• WORK TASK: Below are some entries. Repeat exactly the lines from the one with "2 Zimmer Wohnung" through the one with "Aspen Leaves Collage", and only those.
....
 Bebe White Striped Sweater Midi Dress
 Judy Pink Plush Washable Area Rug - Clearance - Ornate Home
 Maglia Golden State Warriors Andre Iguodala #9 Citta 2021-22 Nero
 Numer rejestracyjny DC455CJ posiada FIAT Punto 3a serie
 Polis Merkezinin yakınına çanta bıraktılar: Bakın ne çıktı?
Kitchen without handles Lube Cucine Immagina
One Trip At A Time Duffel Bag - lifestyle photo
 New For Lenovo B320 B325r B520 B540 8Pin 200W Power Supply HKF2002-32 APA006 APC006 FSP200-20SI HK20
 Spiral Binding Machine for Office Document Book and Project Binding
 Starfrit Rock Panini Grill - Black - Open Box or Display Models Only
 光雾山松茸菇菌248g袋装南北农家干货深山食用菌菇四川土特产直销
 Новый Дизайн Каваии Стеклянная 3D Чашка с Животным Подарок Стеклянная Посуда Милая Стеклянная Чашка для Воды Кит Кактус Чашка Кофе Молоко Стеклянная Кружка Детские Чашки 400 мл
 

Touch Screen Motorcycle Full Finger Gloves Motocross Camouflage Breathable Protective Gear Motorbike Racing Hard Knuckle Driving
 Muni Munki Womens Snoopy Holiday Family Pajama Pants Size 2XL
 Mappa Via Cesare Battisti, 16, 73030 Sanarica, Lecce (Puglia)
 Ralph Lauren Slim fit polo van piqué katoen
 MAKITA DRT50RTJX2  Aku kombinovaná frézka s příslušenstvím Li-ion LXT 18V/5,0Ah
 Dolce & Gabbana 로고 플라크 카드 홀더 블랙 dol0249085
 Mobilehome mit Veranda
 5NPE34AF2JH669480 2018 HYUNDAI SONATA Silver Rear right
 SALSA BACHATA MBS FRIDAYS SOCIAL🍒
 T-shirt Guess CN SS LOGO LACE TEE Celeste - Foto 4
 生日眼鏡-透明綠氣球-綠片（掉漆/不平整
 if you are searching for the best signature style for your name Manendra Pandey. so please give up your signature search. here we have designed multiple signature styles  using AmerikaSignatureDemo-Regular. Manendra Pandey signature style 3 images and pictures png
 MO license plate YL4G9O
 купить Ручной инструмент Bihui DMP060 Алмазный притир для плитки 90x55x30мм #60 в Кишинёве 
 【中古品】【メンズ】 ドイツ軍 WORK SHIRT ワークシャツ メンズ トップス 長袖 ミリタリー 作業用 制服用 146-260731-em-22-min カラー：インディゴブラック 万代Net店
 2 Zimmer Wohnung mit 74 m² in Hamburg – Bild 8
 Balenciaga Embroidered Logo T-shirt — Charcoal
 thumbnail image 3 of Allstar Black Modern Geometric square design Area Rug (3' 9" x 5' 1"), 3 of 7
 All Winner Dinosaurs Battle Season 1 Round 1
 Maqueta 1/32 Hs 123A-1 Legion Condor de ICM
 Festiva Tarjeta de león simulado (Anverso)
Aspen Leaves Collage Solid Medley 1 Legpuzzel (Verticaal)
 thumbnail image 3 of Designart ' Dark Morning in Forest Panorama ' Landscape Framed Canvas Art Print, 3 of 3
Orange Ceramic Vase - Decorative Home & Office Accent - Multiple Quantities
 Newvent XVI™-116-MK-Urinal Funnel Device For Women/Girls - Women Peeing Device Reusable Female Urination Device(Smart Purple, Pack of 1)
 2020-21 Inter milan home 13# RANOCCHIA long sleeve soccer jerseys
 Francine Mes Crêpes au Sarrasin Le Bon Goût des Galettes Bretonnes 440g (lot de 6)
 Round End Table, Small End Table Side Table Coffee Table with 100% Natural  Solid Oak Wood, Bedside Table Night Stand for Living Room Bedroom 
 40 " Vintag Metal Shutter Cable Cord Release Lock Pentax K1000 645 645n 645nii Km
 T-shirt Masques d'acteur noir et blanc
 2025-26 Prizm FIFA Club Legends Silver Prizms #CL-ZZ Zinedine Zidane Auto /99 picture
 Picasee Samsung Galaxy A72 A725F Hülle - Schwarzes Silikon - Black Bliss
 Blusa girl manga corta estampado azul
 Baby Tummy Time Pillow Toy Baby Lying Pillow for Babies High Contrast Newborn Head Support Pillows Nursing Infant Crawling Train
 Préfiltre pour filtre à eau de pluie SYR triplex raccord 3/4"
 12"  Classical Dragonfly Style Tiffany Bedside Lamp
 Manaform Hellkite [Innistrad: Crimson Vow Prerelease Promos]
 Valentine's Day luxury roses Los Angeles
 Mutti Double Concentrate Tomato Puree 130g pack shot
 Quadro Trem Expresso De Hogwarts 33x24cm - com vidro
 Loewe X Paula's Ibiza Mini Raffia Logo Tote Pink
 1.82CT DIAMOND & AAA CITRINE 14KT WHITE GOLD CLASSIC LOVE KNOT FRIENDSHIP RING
....
• EXERCISE SOLUTION:
 2 Zimmer Wohnung mit 74 m² in Hamburg – Bild 8
 Balenciaga Embroidered Logo T-shirt — Charcoal
 thumbnail image 3 of Allstar Black Modern Geometric square design Area Rug (3' 9" x 5' 1"), 3 of 7
 All Winner Dinosaurs Battle Season 1 Round 1
 Maqueta 1/32 Hs 123A-1 Legion Condor de ICM
 Festiva Tarjeta de león simulado (Anverso)
Aspen Leaves Collage Solid Medley 1 Legpuzzel (Verticaal)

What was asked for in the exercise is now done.